Primary care was struggling nationally.  It was difficult to recruit GPs.  There was a great deal of other primary care professionals to support GPs.  £10½m was to be invested next year into the model of care.

 

4.            Were there identifying areas where there were greater issues to admission into hospital due to the GP Practices not being efficient and/or deprived areas to be known for high admissions?

 

Every illness had a social class gradient.

 

5.            How did the model fit in with carers?

 

Care homes amount to 6% of A&E admissions.  A pilot scheme was delivered to a pilot population of 171 residents in a single nursing home in 2012. In 2011 the pilot site was not an outlier for either A&E attendance or unscheduled admission rates compared to other local nursing homes.
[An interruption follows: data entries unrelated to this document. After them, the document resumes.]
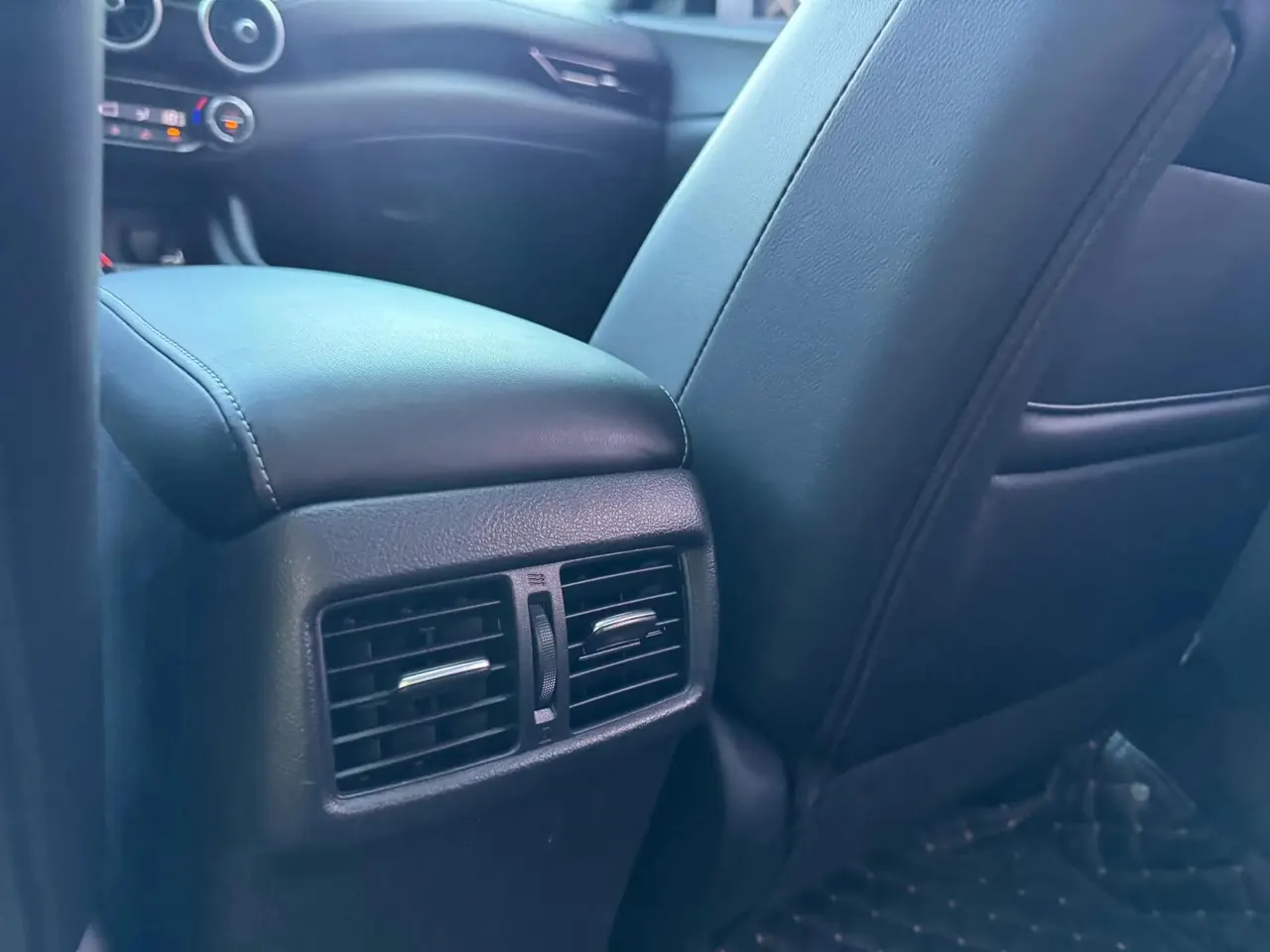 Sylphy 2021 1.6L XL CVT Comfort Edition 15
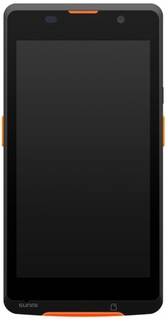 Терминал кассовый SUNMI P2 MINI P07070053 EN (MT8766,1902T,2G+16G,EU 4G, 0.3Mp front camera, 5Mp rear camera, scanner, motor/Receiver/Mic)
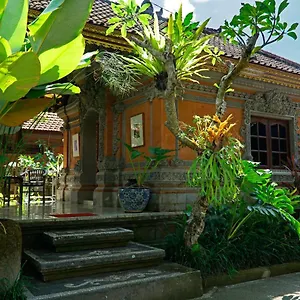 Puri Anyar Heritage , Ubud Indonésie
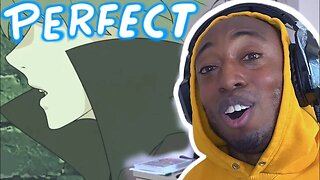 Ado First Time Reacting to ザネリ 歌いました Zanelli Sang By An Animator/Artist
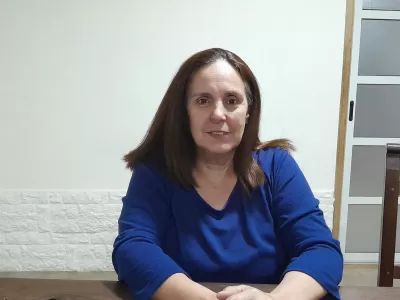 "El compromiso pol&iacute;tico tiene que estar sostenido por valores"
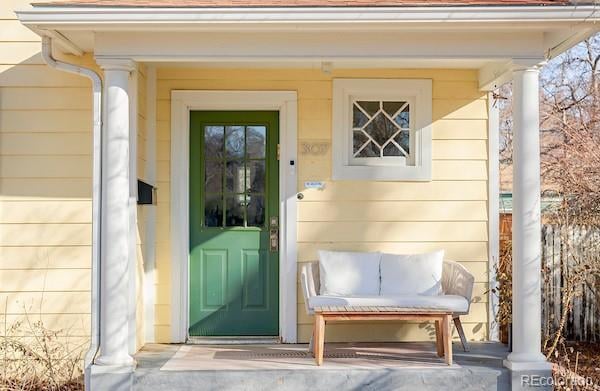 307 Cleveland St, Lafayette, CO 80026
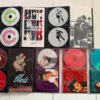 Elvis Presley cd-boxen – keuze uit vier
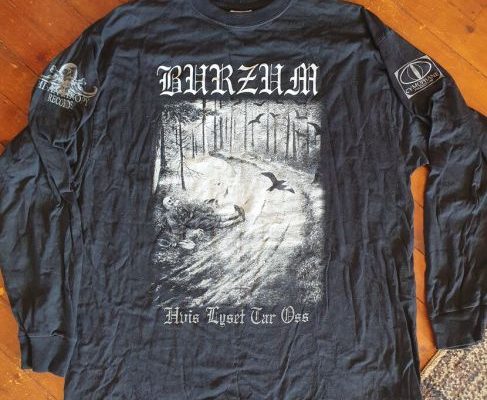 The Ultimate Burzum Shop Experience: Where Quality Meets Passion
Following introduction of the service for the pilot population, their A&E attendance rate fell by 25% and unscheduled admission rate by 29%, compared to increases in rates for a local population (386 residents in 4 homes) who did not receive the enhanced service.

 

The pilot service improved individual pathways of care, increased patient, carer and professional satisfaction, and resulted in net financial savings. Expansion of the service was therefore approved by the Staffordshire PCT Cluster and commissioned as a Locally Enhanced Service (LES) across North Staffordshire from April 2013.

 

6.            Would the closure of the beds be in a stepped way?

 

The University Hospital for North Midlands (UHNM) would be responsible from admission to discharge.  The CCG wanted one provider of care not two which was the UHNM, this had been put in place on a trial basis.

 

7.            People who use the hospital do not understand the system.  There was a need to invest part of the funds on communication on what the CCG were trying to achieve and this was happening far too quickly.  How do you intend to reach the security to people?

 

The funds had been released.  One of the problems around the arrangement was the patient not being fully recovered and being discharged too early.

 

8.            Why were the Partnership Trust having difficulties getting staff and the hospital were not?

 

The Partnership Trust does not recruit from abroad whereas the hospital does.

 

9.            Have you got the involvement from Staffordshire County Council or from private care?

 

The CCG had got integrated commissioning arrangements with Staffordshire County Council and had the involvement of the Better Care Fund

The Chair thanked the Chief Operating Officer for the presentation and answering Members questions and concerns.

 

The Chair informed there was a table top discussion arranged for the 30th March 2015 at The Ballroom, The Moat House Hotel, Festival Park, Stoke-on-Trent on a proposal for a new way to care for the people of Stoke-on-Trent and North Staffordshire.  Those Members that were interested in attending to inform the Scrutiny Officer.

 

RECOMMENDED:-

 

That Committee receive the proposal of a New Model of Care by Stoke-on-Trent and North Staffordshire CCGs.